The smaller motors may have an advantage on that note, since they not only have a lower moment of a inertia than the larger motors, but also their inductance per coil is reduced (since they usually have fewer turns per coil, and I think the smaller radius plays a role, too).
One interesting thing that I did notice from the TED video was that the guys related several key components, such as lift and rotational rate, to the radius of the propeller. I should point out though that this is not exactly the case, as they've forgotten about the pitch of the propeller as well.
For those who don't know, the fastest a propeller can
ideally churn through
any media is the same speed as its pitch. Realistically, I think that the propeller itself can achieve about 90% of its theoretical maximum, and less when the drag of the craft it's pulling (or pushing) comes into play.
I know that for a fact, in an [outrageously] ideal fluid, the calculations for the craft's maximal rotational speed is (w*P) / L, where w is the rotational speed of the motor ( unit revolutions per second), P is the pitch (unit distance per revolution) and L is the distance from the craft's center of gravity (same unit distance).
even if your not regulating the motor speed that rapidly you can still sample the sensors and run your control algorithms so that when it comes time to update the motor's output you have the best solution possible to get the desired output.
That's more or less oversampling, which should have the same effect as anti-aliasing. I think, however, that the ESC's play a role here too, as the one's I've used have a Nyquist filter on them (essentially it halves your bandwidth right then and there). Computations that have a relative frequency that is higher than the ESC's bandwitdth will be tossed out... meaning you just wasted a bunch of power on calculations that you don't use.
the tricky part is that all your sensors may update at different rates, and all your control systems have electrical and mechanical delays, you probably cant sample your fps as fast as you can sample your gyro and accelerometer. any sensors that need to process a large amount of data will not be able to update very quickly. essentially all your ins and outs operate at different sample rates. you could run it all in one main loop, but you would be limited by your slowest sample rate.

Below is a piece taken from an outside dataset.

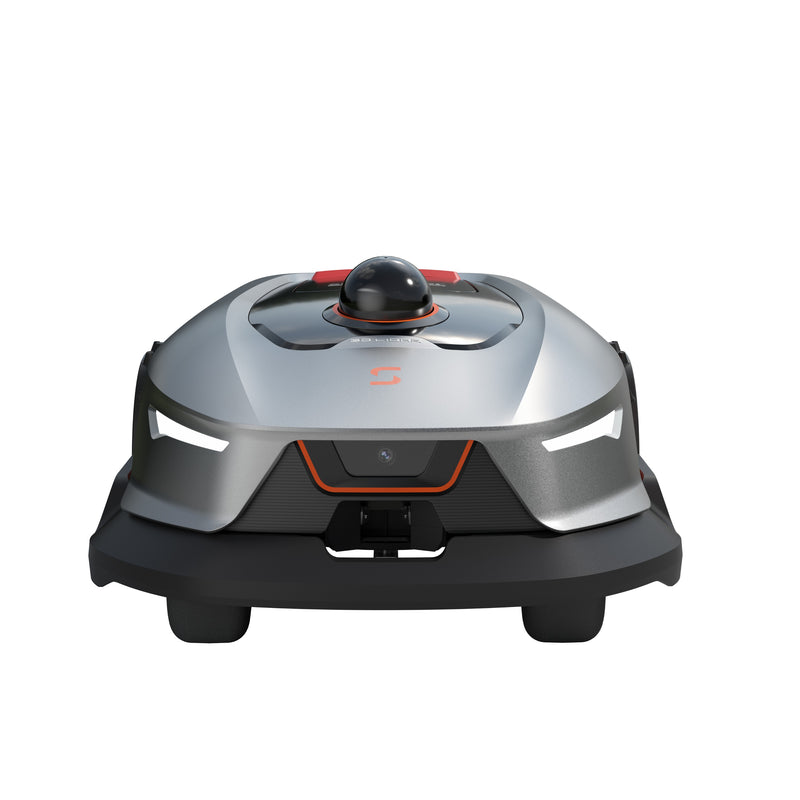 Sunseeker Elite X4 robotic lawn mower, studio view on white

This is where frequency analysis and design comes in handy. You can apply frequency filter on the algorithms per sensor. A really basic example of this doubles as a simple way of fusing the IMU data of the accelerometer and the gyrometer: the complimentary filter. What this does is filter out the frequencies considered "noise" by both sensors and fuses them into one reading, say, your pitch angle. If you did your discrete math right, you'll get a clean reading from across both sensors, with either a small dip or a small bump in the signal gains at the points the sensor's bandwidths overlap.

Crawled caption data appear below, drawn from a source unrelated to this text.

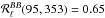 \hbox{$\mathcal{R}_\ell^{BB}(95,353)=0.65$}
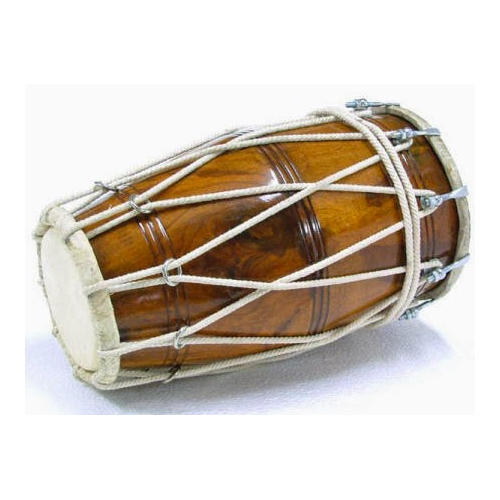 Lightweight and Portable Non-Electric Round Brown Dholak Musical Instrument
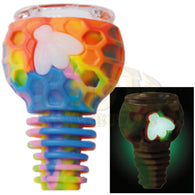 Silicone Bowl - Honeycomb w/GLOW BEE 14/18mm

you kinda have to employ some degree of multi-threading so that all your inputs and outputs can be updated at their optimal rate. i dont want to even think about the kind of mayhem that causes on your control system.

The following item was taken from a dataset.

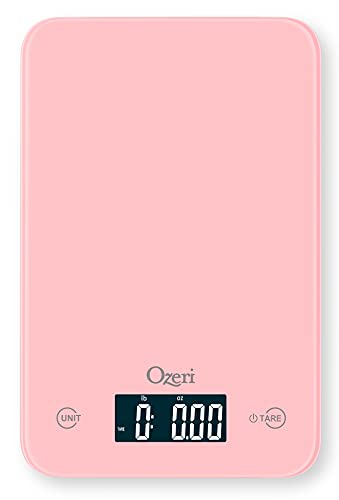 Ozeri Touch Professional Digital Kitchen Scale (12 lbs Edition) in Tempered Glass - color: Crystal Rose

Multi-threading is definitely a must in this type of system, even though the control algo's themselves are pretty much pipelined, the sensor data will be used in multiple control algo's... Top that with sensors (EDIT: and/or algo's) operating at different frequencies and voila, a need for an OS.
Oh, and it shouldn't cause much mayhem with the control system, at least with a PID or FLC type. Outputs of some controller blocks will be an input to others (like linear motion down into rotatory motion), and they all finally get summed up to the final output.